This has been Liminal Criminals. I’m Sam Putnam. I’ll see you next time, and remember: They started this so very long ago. They started this yesterday. They started this tomorrow.



[Outro]



Liminal Criminals was originally a true crime podcast by Liminal Studios. It was originally researched, written and created by Sam Putnam. It is edited for broadcast and distribution with the generous support of the Chthonic Riviera government and Deeps Self-Preservation League. Up next, I’ll be playing some fragments of vaporwave remixes that I never finished, after which I’ll be recapping this week’s news with the Sunday edition of Studio Community Worldwide Radio. 

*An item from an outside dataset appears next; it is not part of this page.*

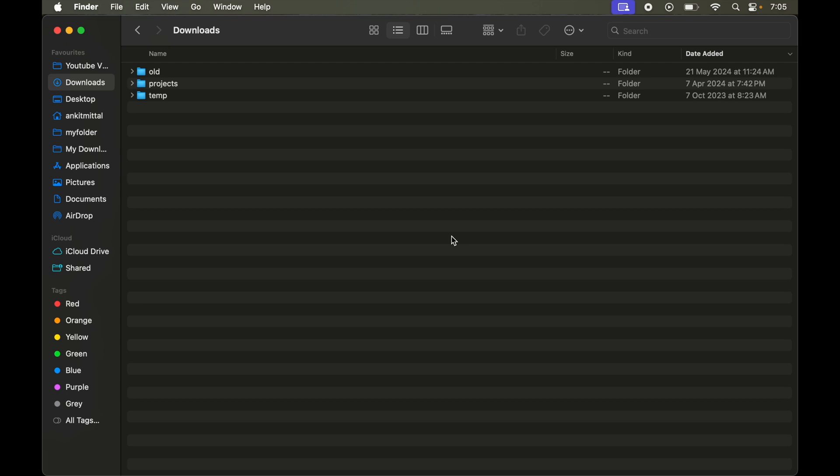Welcome back to the channel. In this video I will show you how to uninstall Ollama in a Mac system. First of all, we will check whether this was installed through Homebrew or without Homebrew.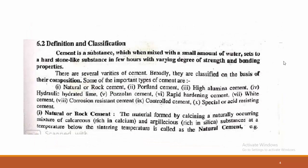How do we define cement? Cement is a substance which, when mixed with a small amount of water, sets to a hard stone-like substance in a few hours with varying degree of strength and bonding properties. Several varieties of cement exist, and broadly they are classified on the basis of their composition as well as their strength.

Also, Krysta, if you’re listening...actually wait, I think you’re still here. Gimme a second, I’ll just ask you in person.



[static]



Liminal Criminals is a fictional podcast by SCWR productions. It is written and edited by Sam Putnam. It is cowritten by Krysta Golden, who featured in this week’s intro. Our theme song is Chthonic Riviera by Cornu Ammonis. 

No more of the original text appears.